Long story short - I drug out the trusty Q-tips and alcohol, cleaned the shafts all over (and got lots and lots of off-color gunk from them), ran the sliders back and forth, put a moderate amount of the good Swiss clock oil on them, again worked the sliders, then lightly rubbed the shafts with clean Q-tips to remove excess oil.

The difference is absolutely amazing. Thought it was worth passing on. The only minor problem in any of this is getting the top of the barrel to seat into the upper housing (squeeze selectively, all the way around, until everything finally drops in) and getting the two screws in the base plate to drop properly into the threaded holes. If a person is cautious, I can't see how you could cause any damage.

Skip Godfrey

  Date: Fri, 10 Jul 1998 16:07:48 -0400
From: Nicholas Bodley <nbodley@TIAC.NET>
Subject: Re: Curta cleaning - follow on


Sounds simply exemplary; no less. Some of the budding calculator collectors seem to have the right instincts; you surely do. (Rick Bensene is another.)

My Curta started to become grungy inside, although not too bad. I went the next step, and removed the setting shafts; I removed the little retainer plates (two, iirc) and then the little porous-bronze bearings at the bottom of the setting shafts. I took precautions not to lose any tiny parts.

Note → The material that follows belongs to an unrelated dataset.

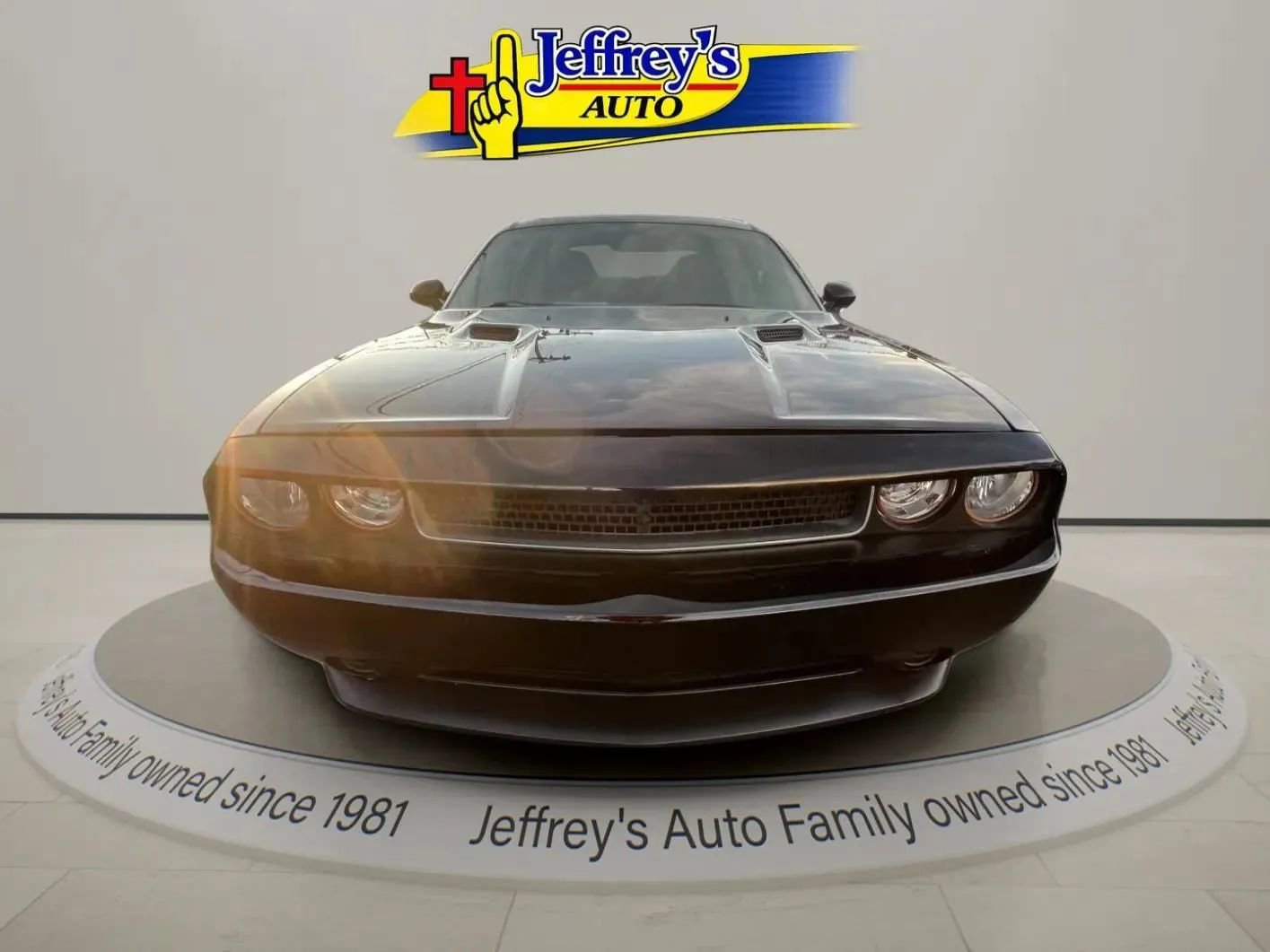 Used 2013 Dodge Challenger SXT RWD image 6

Once the cleaning was done, I reassembled everything, and tried moving the setting knobs. Egad!! Some were tight, and others had lots of "end shake", to use a clockmaker's term. The bearings were selected, and hand-fitted! It took a lot of trial-and-error swapping to restore things to normal.

Apparently, for some odd reason, the lengths of the setting shafts had loose tolerances, and they weren't freely interchangeable. Mine is (or was) Serial 33212, fairly sure; that seems to be one of the early ones.

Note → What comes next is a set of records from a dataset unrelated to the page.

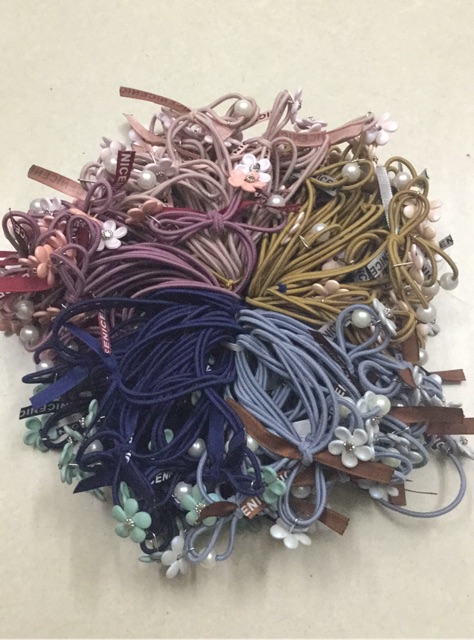 3 dây buộc tóc - có 4 kiểu / cặp tóc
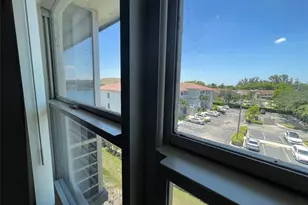 4311 Crystal Lake Dr, Deerfield Beach, FL 33064 - Photo 9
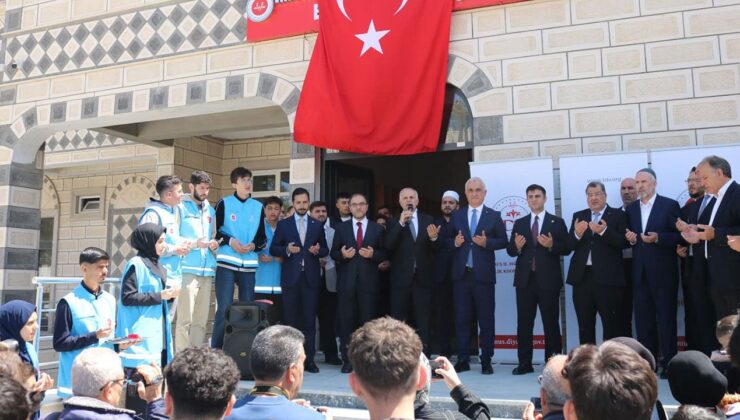 Muş’ta Diyanet Genç Ofisi ve TDV Kitapevi açıldı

This was quite a surprise; interchangeable parts have been around for well over a century, and in such a beautiful mechanism, I would have expected interchangeability. (It's just possible that the machine tool that made the shafts couldn't hold tight tolerances on length; still seems odd.)

Btw, I wouldn't recommend more disassembly. On at least some Curtas, it's far from obvious which end of the handcrank pin is the smaller. (Almost certain that the service manual makes this clear.) Once you remove the handcrank, you're getting into non-obvious territory; try to get the service manual if possible. This is not for talented amateurs, I'd say. (I probably wouldn't attempt it, definitely not without the manual.) Furthermore, if you remove the [carriage] (which carries the dials and clearing lever), there are very-delicate springs (for the carry slides, iirc) that the service manual warns about; apparently, they are quite easily damaged.

Regards to all,

|*  Nicholas Bodley   *|*  Electronic Technician {*} Autodidact & Polymath
|*   Waltham, Mass.   *|*  -----------------------------------------------
|*  *|*  The personal computer industry will have become
|*  Amateur musician  *|*  mature when crashes become unacceptable.

  Date: Sat, 11 Jul 1998 21:30:59 -0600
From: Skip Godfrey <>
Subject: Cleaning and lubing my Curta - final installment (I'm pretty certain)

Hello all -

Well, being ever inquisitive, I decided to go one slight step further in cleaning and lubing this newest Curta - what's that music I hear in the background, something about "fools rush in . . . where Angels fear to tread" ? ? ? Really, I'm glad that I did - the improvement was not earthshaking but it was noticeable.

Combining what I'd observed in the "bottom end" of the Curta, what I'd looked at in the Curta repair manual, and comments from Nicholas Bodley about removing the hand-fitted bushings in the setting shafts, I decided to see about lubing them.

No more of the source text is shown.